As such, CISOs need to understand, rank, and communicate cyberthreats not only on their impact to enterprise technology but to the business functions. That way they and their C-suite colleagues can delineate which risks they want to avoid, transfer, mitigate, and accept based on enterprise considerations (i.e., costs, mission, compliance requirements, etc.)

As France summarizes: “You can’t choose to accept a risk if you don’t understand it in the context of your business.”

Engage the business on risk acceptance

Although CISOs should put cyber risks into business context, they should not be the ones to determine which risks the organization wants to avoid, transfer, mitigate or accept.

“The CISO will help set the risk levels but is not the one who should approve them,” says Wilkinson, an adjunct professor of cybersecurity and risk management at Boston College.

He says that task should fall to the executives who own the business areas impacted by the risk; as such, CISOs need to engage those colleagues in risk-related discussions and together come to a consensus on the level of cyber risk each one is willing to accept in his or her functional area.

“Then it needs to be debated all the way up through the risk committee and then the board, who can sign off on it,” he adds.

But Wilkinson says such conversations often don’t happen.

“CISOs always tell me that business engagement is the secret sauce that’s missing, and yet it’s absolutely critical,” he adds.

Additionally, experts say organizations should articulate and quantify their approach to risk management as part of these discussions.

Kim notes that organizations with mature risk management programs have a risk appetite statement that describes the types of risks, and in what amounts, the organization will accept. They also often use methods to quantify and rank risks, so they know when a risk moves from being acceptable to requiring action.

Security exec Pam Nigro agrees, pointing to the Factor Analysis of Information Risk (FAIR) as one methodology that CISOs can use to quantify and manage risk within their organization.

“When you have, for example, 20 critical risks, this helps explain what they mean to someone who doesn’t live and breathe security every day,” says Nigro, vice president of security at Medecision, board vice chair of the governance association ISACA, and a Lewis University adjunct professor in information security, risk, compliance and IT governance.

Let the business own the risk, but remain partners in managing it

Because setting risk acceptance is a business exercise, experts say management and ownership of it should rest with the roles or teams responsible for the functions, services, or products impacted by the risk, says Jermaine M. Stanley, board director for One in Tech, an ISACA foundation, and vice president of the Greater Washington, D.C., ISACA chapter.

“You have to have management’s commitment to risk assessment and risk management. You have to make sure there’s an understanding that the people who are involved in the organization understand who is responsible for risk acceptance,” Stanley says. “Those could be business executives of the business units, but not the CISO. The CISO is responsible for security of the organization. The business executives or GMs or president, those folks need to be on the hook and be accountable for the risk in their business lines or their processes or their products.”

That doesn’t mean CISOs can walk away from the task, he and other experts add.

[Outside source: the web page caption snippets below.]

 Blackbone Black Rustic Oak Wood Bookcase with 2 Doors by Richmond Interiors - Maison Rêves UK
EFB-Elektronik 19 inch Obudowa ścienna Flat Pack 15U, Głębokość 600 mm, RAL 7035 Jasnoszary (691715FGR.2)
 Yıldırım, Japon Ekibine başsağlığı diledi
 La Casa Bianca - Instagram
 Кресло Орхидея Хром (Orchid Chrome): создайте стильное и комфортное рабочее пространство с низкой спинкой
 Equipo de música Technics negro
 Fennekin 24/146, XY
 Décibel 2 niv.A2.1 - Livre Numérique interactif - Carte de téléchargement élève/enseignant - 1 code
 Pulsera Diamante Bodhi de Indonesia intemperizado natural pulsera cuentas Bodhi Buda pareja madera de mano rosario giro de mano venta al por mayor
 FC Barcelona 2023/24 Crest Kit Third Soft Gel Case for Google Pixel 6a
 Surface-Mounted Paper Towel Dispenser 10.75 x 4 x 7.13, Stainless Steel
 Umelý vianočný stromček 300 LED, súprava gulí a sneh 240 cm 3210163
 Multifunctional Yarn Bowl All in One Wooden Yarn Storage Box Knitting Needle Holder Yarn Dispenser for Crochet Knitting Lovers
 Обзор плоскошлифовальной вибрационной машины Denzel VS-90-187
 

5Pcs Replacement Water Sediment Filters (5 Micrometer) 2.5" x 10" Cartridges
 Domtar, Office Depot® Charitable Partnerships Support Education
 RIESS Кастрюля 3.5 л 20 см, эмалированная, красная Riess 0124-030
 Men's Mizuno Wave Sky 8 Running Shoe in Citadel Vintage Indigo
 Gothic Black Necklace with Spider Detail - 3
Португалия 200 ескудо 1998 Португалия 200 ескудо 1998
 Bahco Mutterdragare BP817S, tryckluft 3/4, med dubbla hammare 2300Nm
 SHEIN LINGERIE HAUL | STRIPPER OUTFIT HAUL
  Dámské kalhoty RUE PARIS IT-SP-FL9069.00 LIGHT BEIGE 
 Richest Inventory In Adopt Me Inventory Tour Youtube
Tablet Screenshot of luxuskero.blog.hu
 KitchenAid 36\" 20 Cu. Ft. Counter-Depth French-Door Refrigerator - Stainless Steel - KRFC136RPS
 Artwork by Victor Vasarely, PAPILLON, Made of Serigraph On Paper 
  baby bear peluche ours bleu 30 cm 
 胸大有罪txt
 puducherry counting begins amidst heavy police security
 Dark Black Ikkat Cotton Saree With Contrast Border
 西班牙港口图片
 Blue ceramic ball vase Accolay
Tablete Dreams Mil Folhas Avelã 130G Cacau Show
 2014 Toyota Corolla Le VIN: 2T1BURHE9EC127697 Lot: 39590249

“It’s not just saying, ‘Here’s the risk, accept it.’ You can’t just throw it over the wall and say it’s their problem. It’s a partnership,” Nigro says. “Security needs to be engaged and really serve the organization, so we’re working together to keep the organization safe. Security has to be that partner that pulls things together.”

Employ frameworks, tools to support risk management

Stanley advises CISOs and their colleagues to use a risk management methodology, such as FAIR, to direct, manage, and track these activities.

“You have to identify your risks against your assets, you have to assess your risks, rate them [for example, as] low, medium/moderate, or high impact, and then when we talk about the impact, there’s the threat and the likelihood that it could occur within 12 to 18 months, so you know whether you want to prioritize a risk,” he says. “What all this does is help [enterprise leadership] make decisions on where to allocate resources, and that gets into business budgeting and strategy.”

He adds: “That’s why a risk management methodology is foundational to risk assessment.”

Stanley also recommends the use of enterprise risk management technologies and/or governance, risk and compliance (GRC) tools as well as a risk register; he says these help identify and track risks as they evolve and as market and enterprise conditions change. That then helps organizations identify when accepted risks move to unacceptable or vice versa.

Revisit and re-evaluate risk acceptance

Stanley, who is also a security and compliance subject matter expert at software company Proofpoint, says he and his colleagues have an automatic annual review of the organization’s risk acceptance, explaining it as an opportunity to “adjust the dial.”

He and others stress the need for CISOs and their organizations to evaluate their appetite for risk, and with it their risk acceptance levels, on a regular basis—annually or more often, as changing circumstances might require.

“Risk acceptance is one part of the risk management process, and its review [should be tied] to how often a business recalibrates what it does. So whenever there’s a material change to the business, a different strategy or acquisition or merger, it needs to be revisited,” Kim says.

“But [CISOs] should do that daily or weekly, too, by asking questions. Security often gets mired in the day-to-day, and we’re not always in touch with the business. But just like the business regularly reevaluates itself daily or regularly, CISOs, too, need to continually stay in touch with business to understand how risk should be accepted or not. Ideally, we want to strive to get to a place where we’re continually understanding that and how we need to change our approach.”